そろそろ暮れも押し迫ってきた。
12月中続けてアップしてきたカテゴリ夢は一旦小休止。
まだまだネタはあるのだが、夢についてあまり思い詰めると、消耗したり厭世的になったりするので、休み休み行く。
年末年始のお休みに何かまとまった読書をと考えている人も多いと思う。
縁日草子的推薦図書を紹介しておきたい。
今回はヤングマガジンに現在も連載中の人気戦国漫画「センゴク」シリーズ(宮下英樹)を取り上げる。
このシリーズは、織田軍羽柴(木下)家中の仙石権兵衛を主人公とし、その視点と成長を通じて戦国合戦や統治の在り方を描くという構図を持っている。
作者自身も率直に語っているが、連載開始当初は戦国時代についての知識はほぼ白紙に近い状態だったそうで、作品も「戦国時代に舞台を借りた青春もの」と言った趣が強かった。

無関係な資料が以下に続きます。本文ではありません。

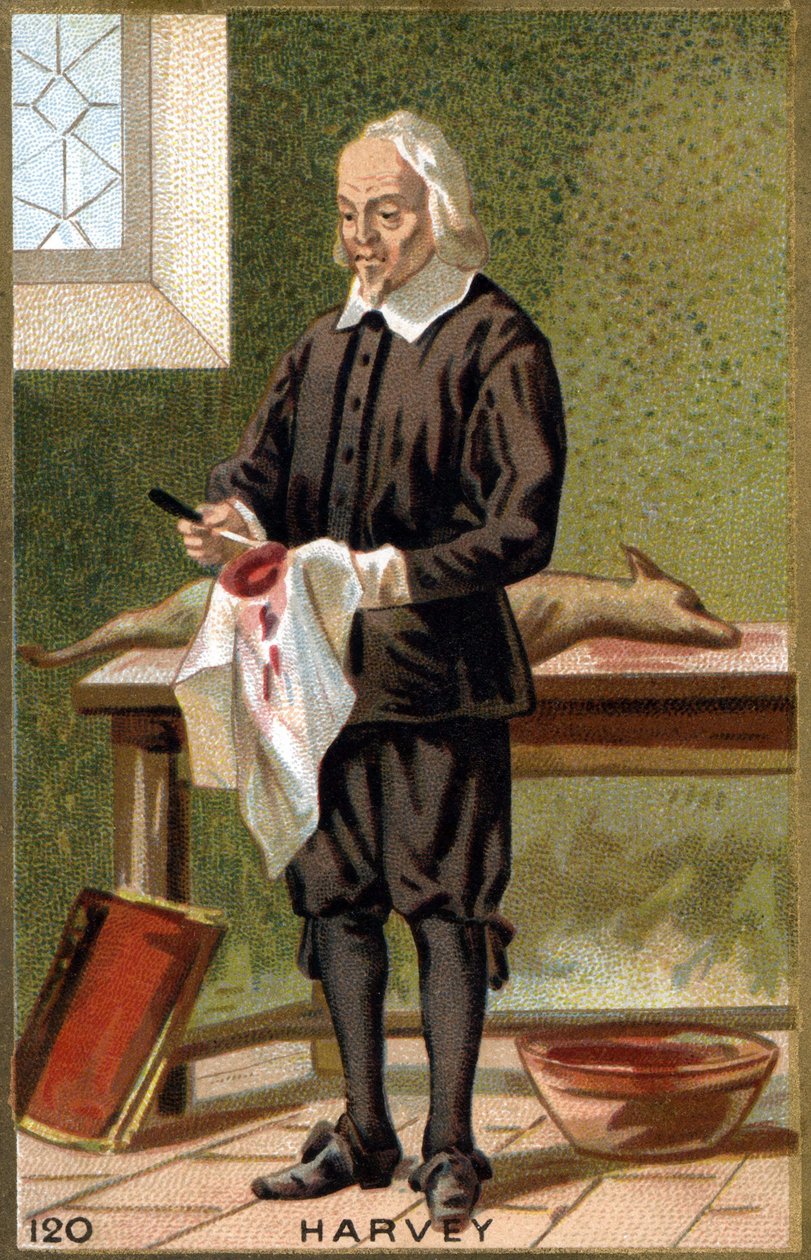 William Harvey (1578 - 1657), İngiliz doktor portresi. 19. yüzyıl kromolitografisi. by Unknown artist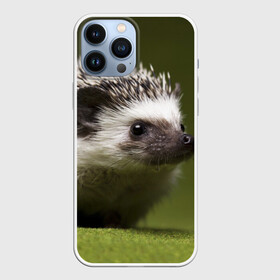 Чехол для iPhone 13 Pro Max с принтом Ежик в Ухте,  |  | еж | ежик | животные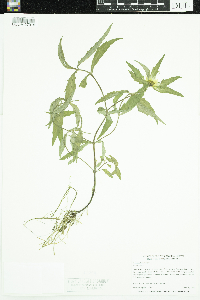 Bidens cernua image
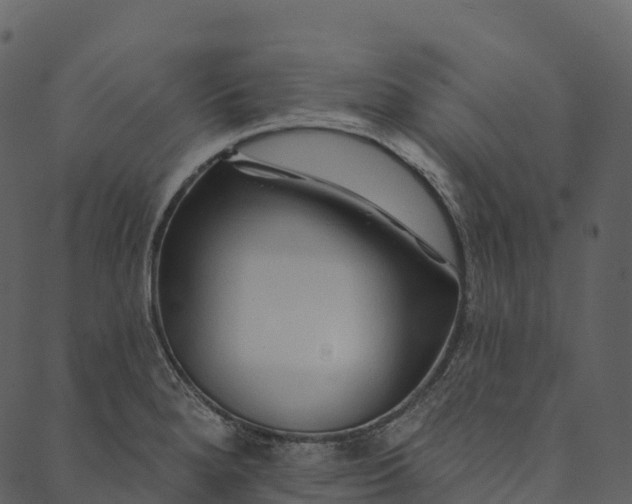 X0000089661280200707121150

しかし連載が進むにつれ、この作品は、おそらく作者自身も予想しなかった進化を遂げる。
商業誌の週刊連載という日本特有の過酷なシステムは、数限りない淘汰の中で、時として極少数の作品と作者に「大化け」を促す。
主人公のセンゴク少年の成長とともに、作者の「戦国」への認識は広まり、深まり、作品は恋のロマンスも含めた青春物語という器に収まりきれずに、堂々たる合戦絵巻へと変貌する。
その時点でも質的に申し分なかったのだが、作者の貪欲な知的欲求はさらなる高みを目指し、作中で描かれる戦国武将の所領の広がりと同期して、描かれる内容は進化する。

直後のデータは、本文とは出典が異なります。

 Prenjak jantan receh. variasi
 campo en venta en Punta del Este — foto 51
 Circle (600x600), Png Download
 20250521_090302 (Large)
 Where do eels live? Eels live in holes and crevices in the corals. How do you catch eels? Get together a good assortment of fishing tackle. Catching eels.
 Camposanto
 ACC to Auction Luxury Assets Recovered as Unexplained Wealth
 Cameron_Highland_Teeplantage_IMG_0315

拙ブログでは以前battleとwarという記事の中で、局地戦(battle)と、より大局的な戦争(war)の違いについてまとめたことがある。
その分類を当てはめるならば、作者の関心は主人公の青春物語からbattleへ、そしてwarや国の統治の在り方そのものへとじわじわ拡大していったのだと思う。
入り口が青春物語であったことは、この作品にとってベストだった。
連載開始当初から「統治の在り方」では、一部のマニアしかついていくことができない。
長期連載に必要な読者数を確保し、読者とともに成長することで、ここまでのレベルの戦国漫画を、毎週読めるという奇跡を起こすことができたのだ。
このシリーズは以下のような構成になっている。
第一部「センゴク」全15巻
第二部「センゴク天正記」全15巻
第三部「センゴク一統記」
第四部「センゴク権兵衛」(最終シリーズ 現在連載中)
外伝「センゴク外伝 桶狭間戦記」全5巻
特に第二部以降は、大人の歴史小説ファンを十分満足させ得るものになっている。
拙ブログでこだわっている石山合戦についていえば、「天正記」で描かれる顕如上人や雑賀衆は、主役クラスの信長とは違う価値観を叩きつける存在として、非常に魅力的に描かれている。
この作品を特徴付けるのは、描かれるどの合戦でも、勝者よりむしろ敗者の方の理に重点をおき、決め細かに感情移入して描く姿勢なのだ。
あえて難を言えばこの作品、作者の興味の持ち方にかなり濃淡があって、凄まじくきめ細かに描かれる人物・事象がある一方で、歴史上かなり重要な人物・事象があっさりパスされてしまうことも多々ある。
期待して連載を追っていたファンとしては、思い入れのある人物やエピソードがあっさり流されると、ちょっと残念な気がする。
石山合戦については、第一次、第二次の木津川合戦などの水軍の描写が抜け落ちていることや、教如上人が本願寺退去のあたりで少ししか登場しないことなどだ。
ライブ感覚重視の週刊連載マンガなので、ある程度ムラが生じるのは、まあ仕方がない。
長大なシリーズの中から今回お勧めするのは、コンパクトに作品の魅力が凝縮された外伝「桶狭間戦記」だ。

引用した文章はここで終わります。